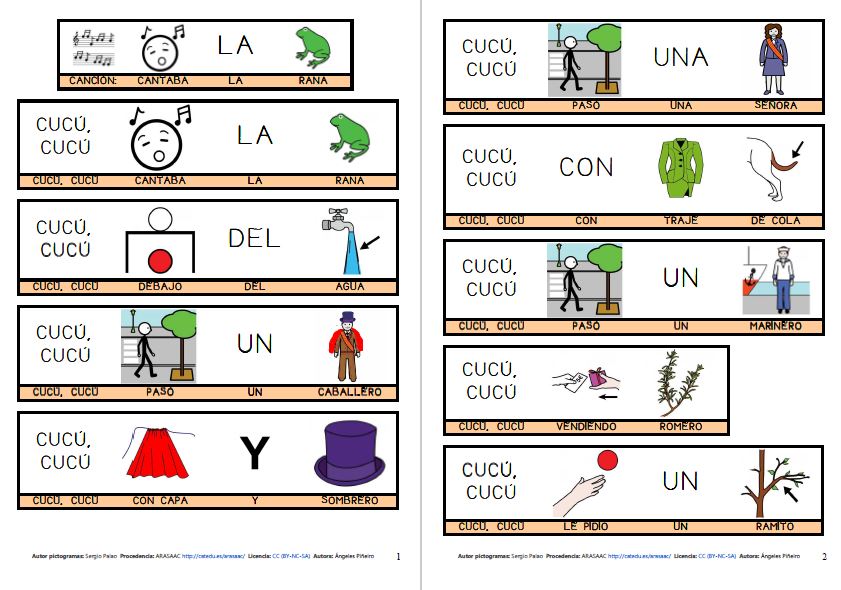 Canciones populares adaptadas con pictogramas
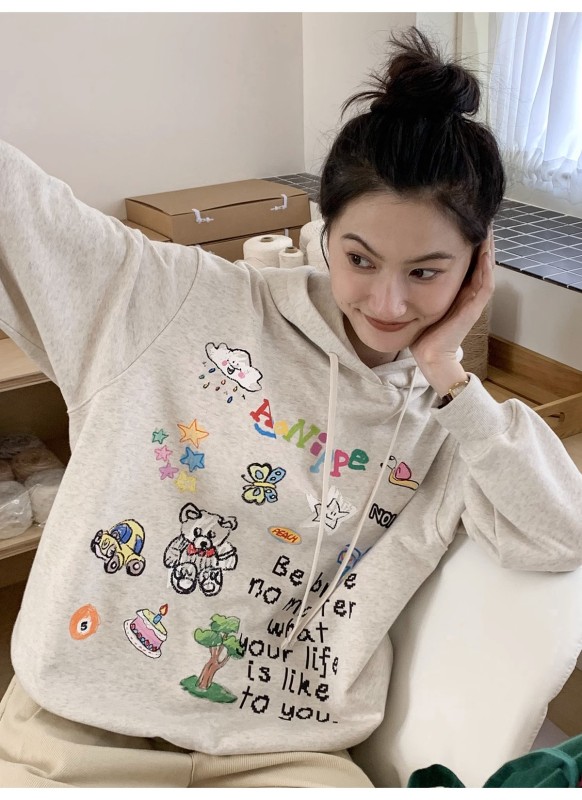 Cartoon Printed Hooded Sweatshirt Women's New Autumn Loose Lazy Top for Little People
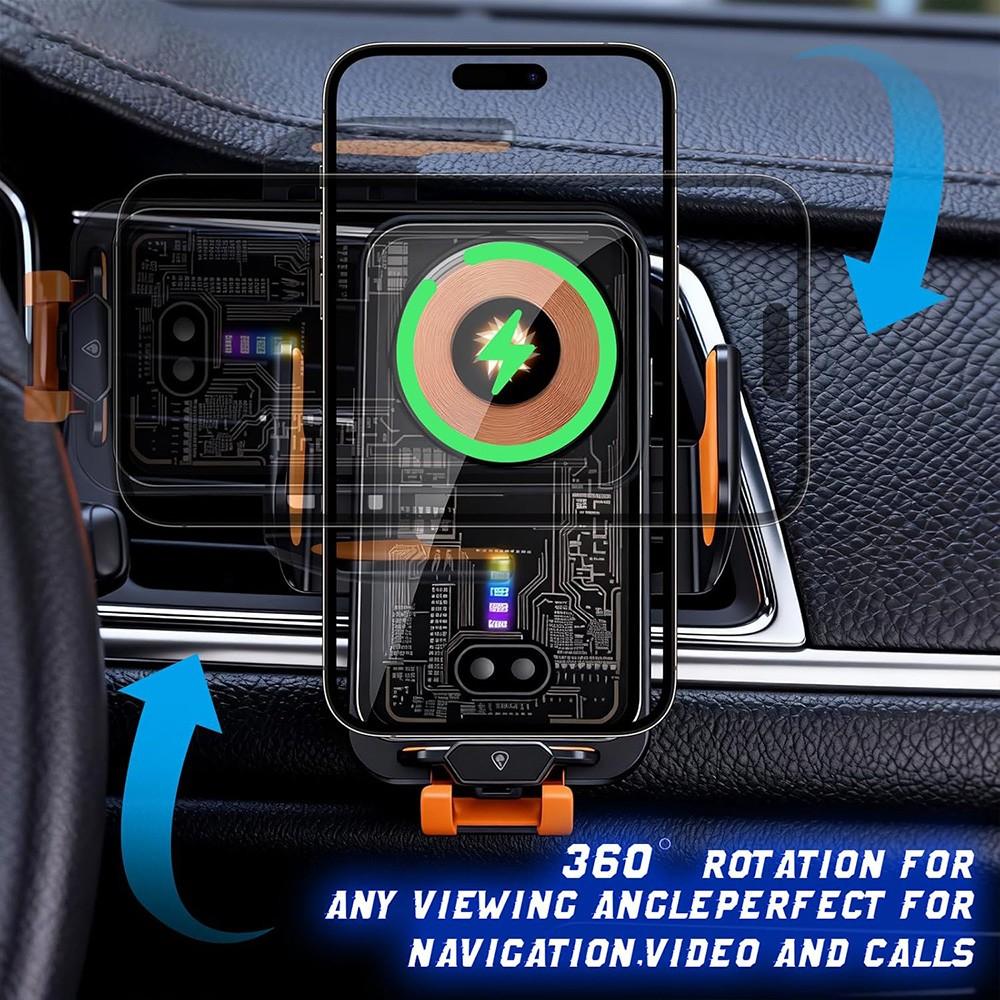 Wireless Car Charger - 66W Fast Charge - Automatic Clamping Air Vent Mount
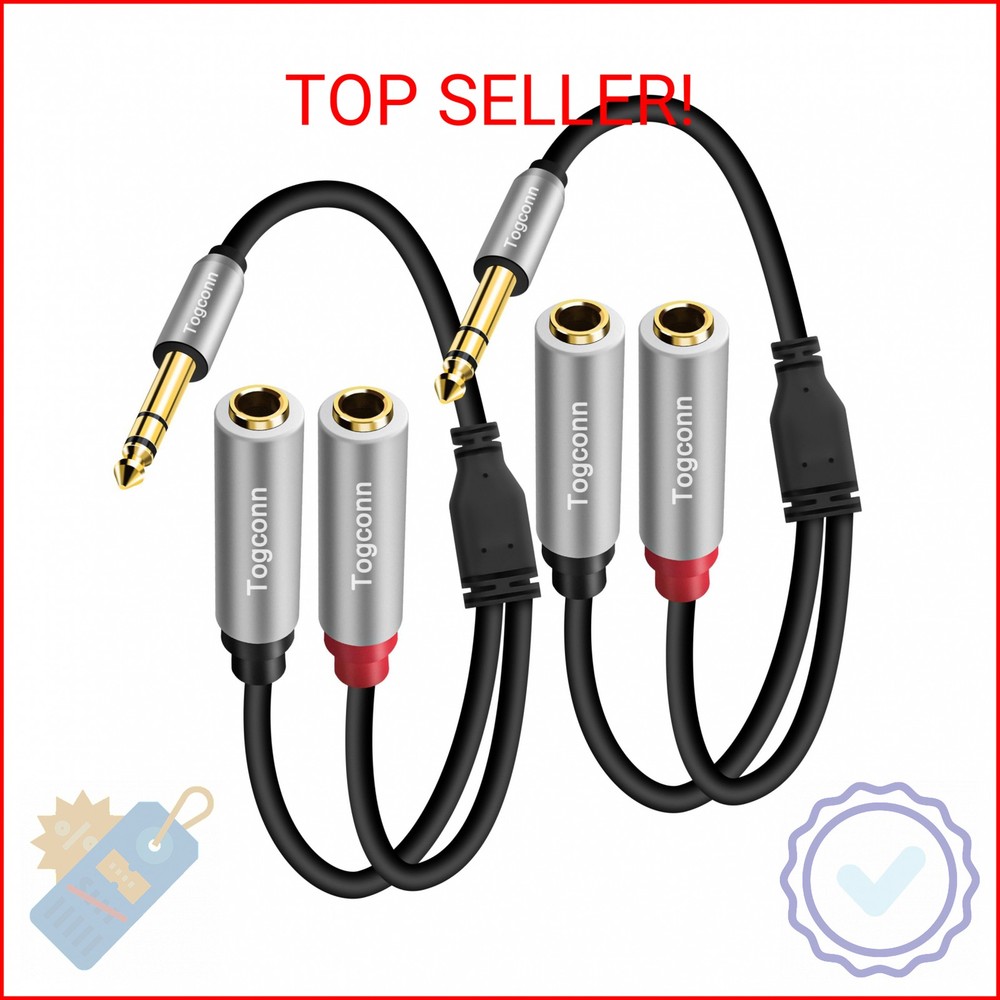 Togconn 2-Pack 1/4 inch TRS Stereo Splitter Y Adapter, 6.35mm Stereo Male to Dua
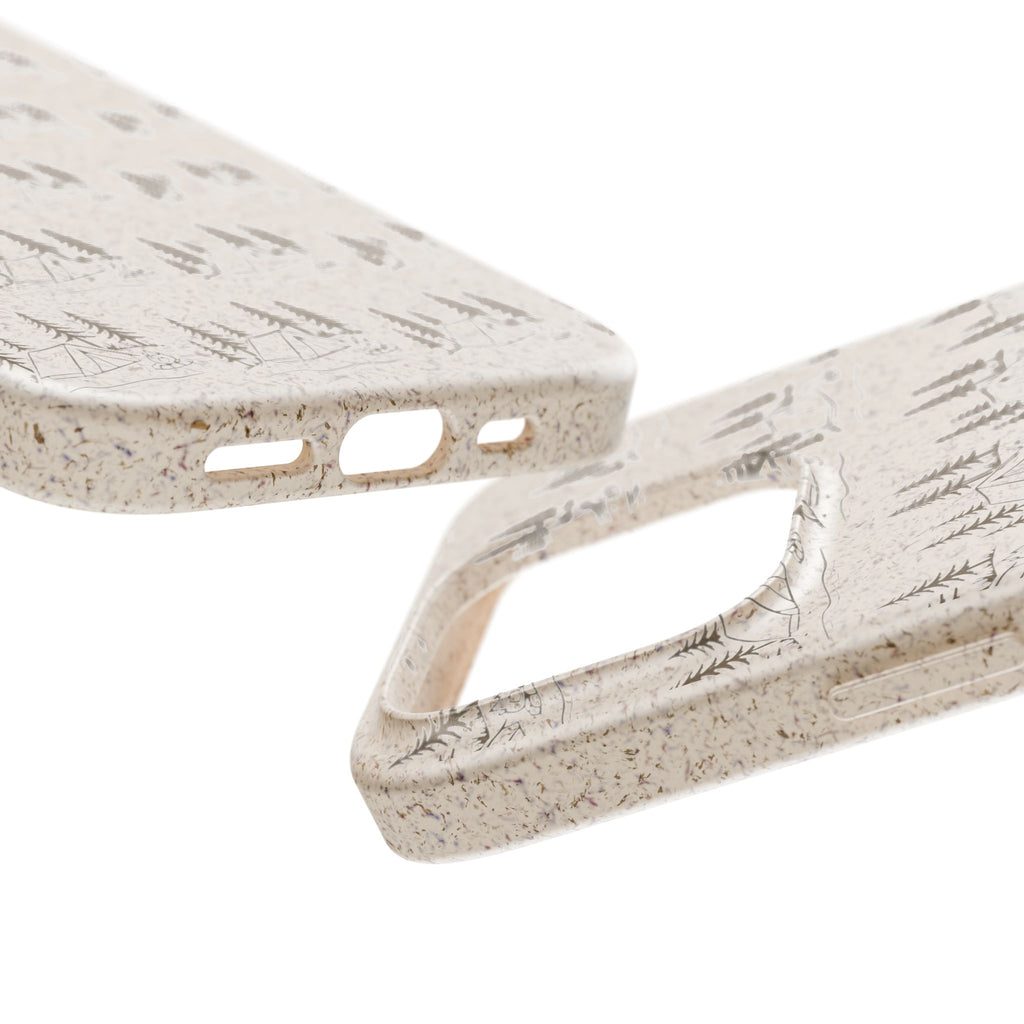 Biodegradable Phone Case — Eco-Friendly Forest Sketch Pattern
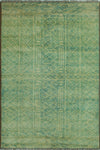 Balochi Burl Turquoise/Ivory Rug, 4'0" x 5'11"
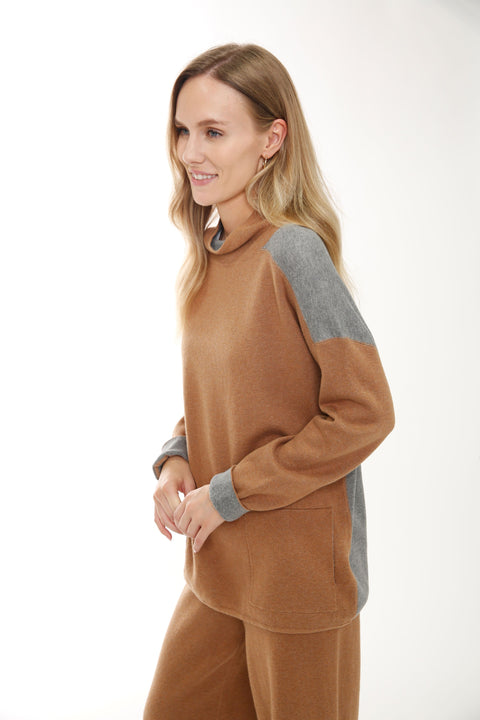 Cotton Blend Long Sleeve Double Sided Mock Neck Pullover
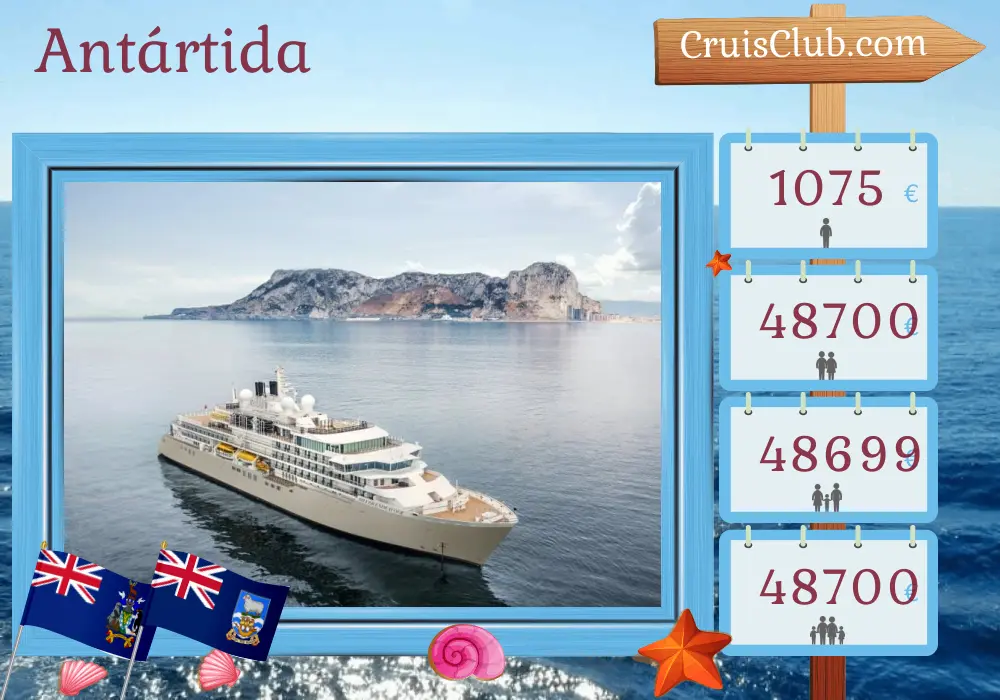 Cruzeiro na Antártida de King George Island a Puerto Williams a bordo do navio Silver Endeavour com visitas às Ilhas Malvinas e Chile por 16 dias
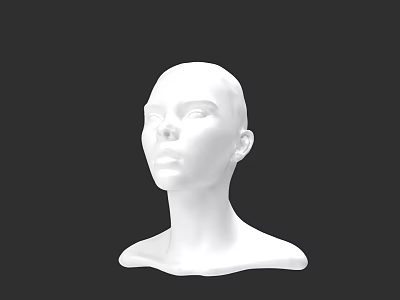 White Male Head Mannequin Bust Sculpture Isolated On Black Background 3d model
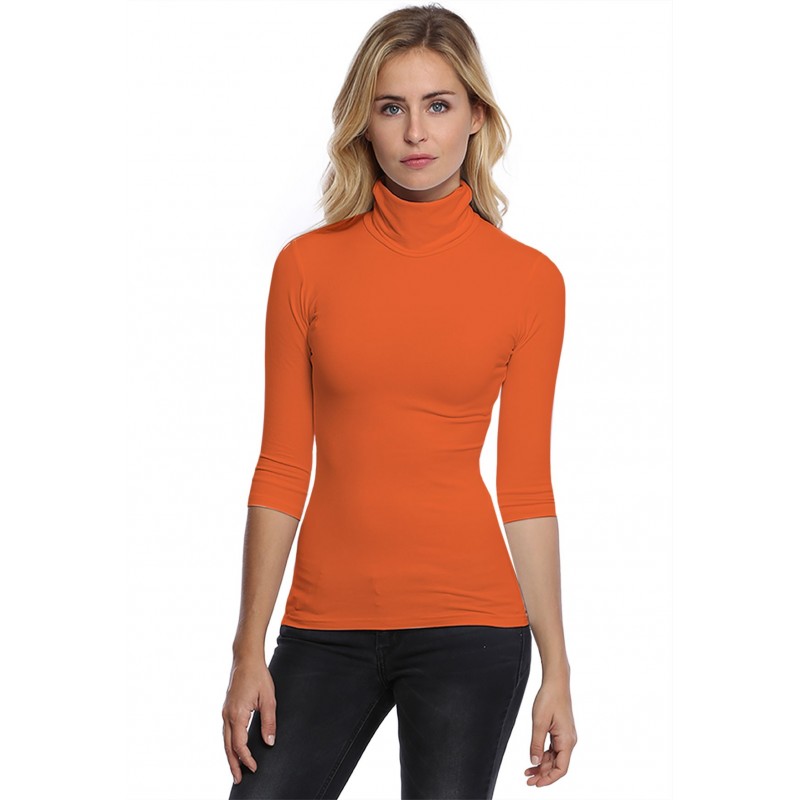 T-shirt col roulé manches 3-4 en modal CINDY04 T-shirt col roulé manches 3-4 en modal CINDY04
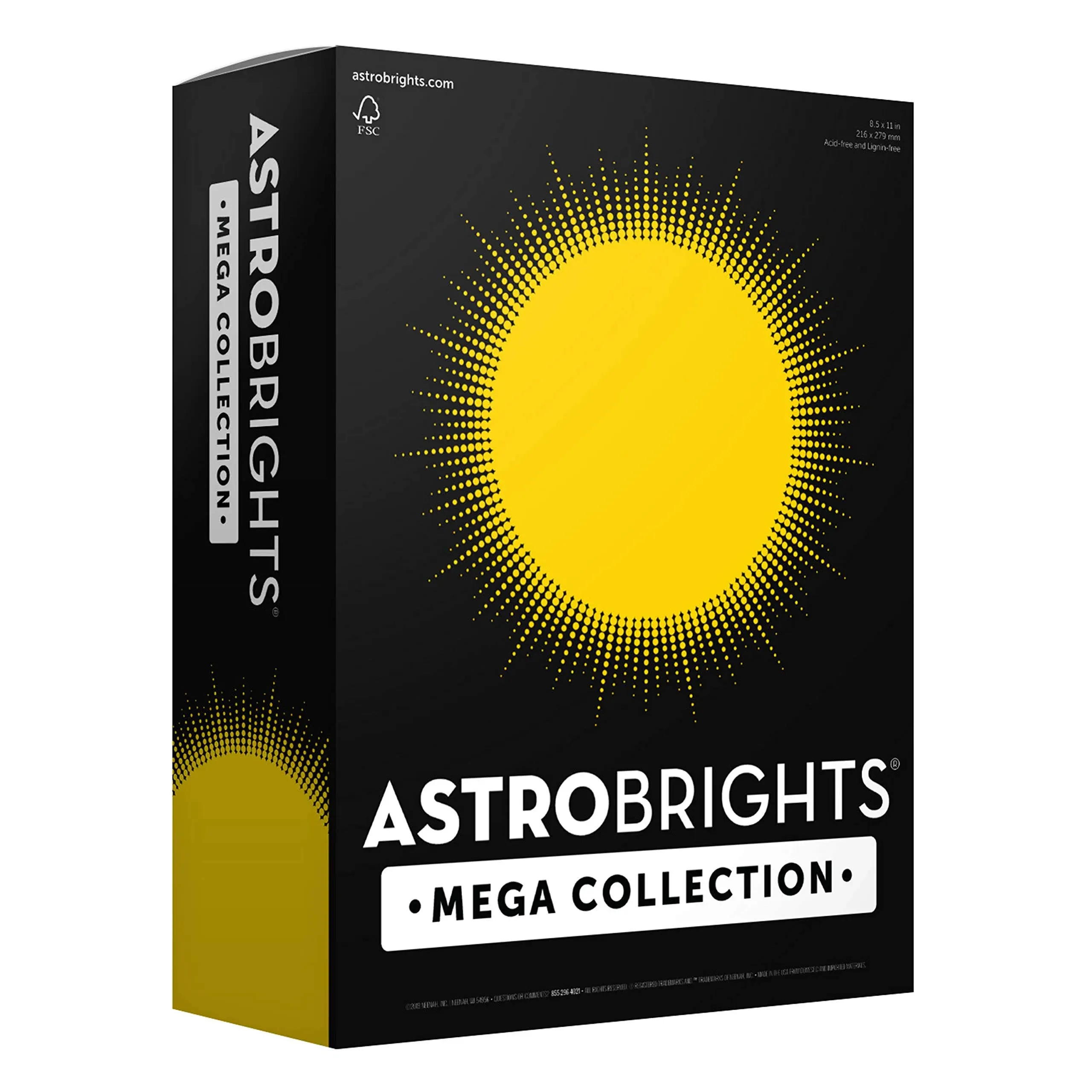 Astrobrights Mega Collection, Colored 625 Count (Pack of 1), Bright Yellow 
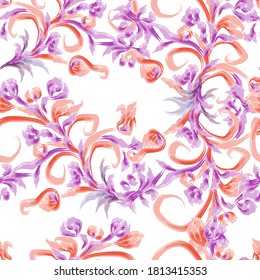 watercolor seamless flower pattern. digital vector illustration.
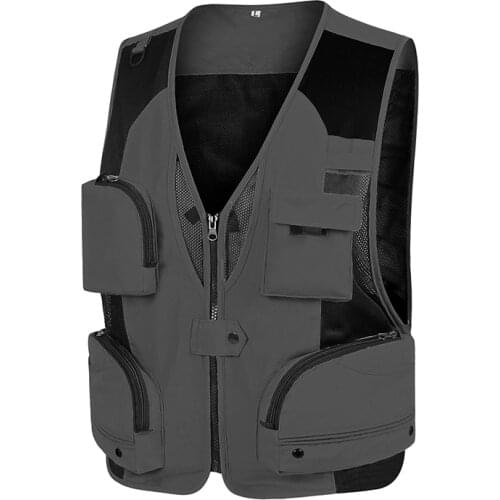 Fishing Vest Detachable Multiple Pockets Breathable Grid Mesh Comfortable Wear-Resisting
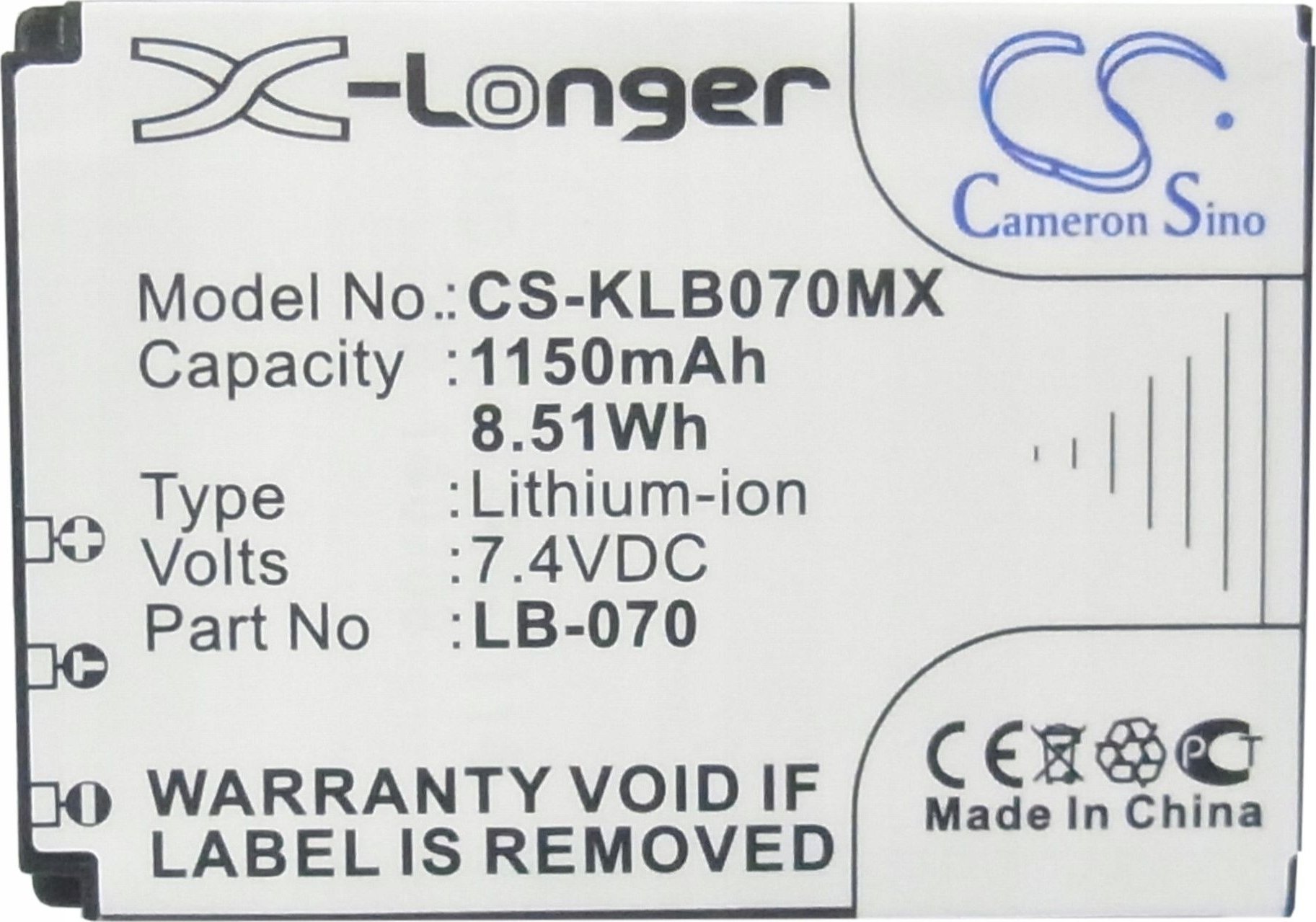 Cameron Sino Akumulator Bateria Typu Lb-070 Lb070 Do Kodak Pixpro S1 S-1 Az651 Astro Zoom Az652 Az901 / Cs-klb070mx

※

## EXERCISE AIM:
An exact reproduction of the data above is required, with every picture removed.

## ANSWER AREA:
 Canciones populares adaptadas con pictogramas
 Cartoon Printed Hooded Sweatshirt Women's New Autumn Loose Lazy Top for Little People
 Wireless Car Charger - 66W Fast Charge - Automatic Clamping Air Vent Mount
 Togconn 2-Pack 1/4 inch TRS Stereo Splitter Y Adapter, 6.35mm Stereo Male to Dua
 Biodegradable Phone Case — Eco-Friendly Forest Sketch Pattern
 Balochi Burl Turquoise/Ivory Rug, 4'0" x 5'11"
 Cotton Blend Long Sleeve Double Sided Mock Neck Pullover
 Cruzeiro na Antártida de King George Island a Puerto Williams a bordo do navio Silver Endeavour com visitas às Ilhas Malvinas e Chile por 16 dias
 White Male Head Mannequin Bust Sculpture Isolated On Black Background 3d model
 T-shirt col roulé manches 3-4 en modal CINDY04 T-shirt col roulé manches 3-4 en modal CINDY04
 Astrobrights Mega Collection, Colored 625 Count (Pack of 1), Bright Yellow 
 watercolor seamless flower pattern. digital vector illustration.
 Fishing Vest Detachable Multiple Pockets Breathable Grid Mesh Comfortable Wear-Resisting
 Cameron Sino Akumulator Bateria Typu Lb-070 Lb070 Do Kodak Pixpro S1 S-1 Az651 Astro Zoom Az652 Az901 / Cs-klb070mx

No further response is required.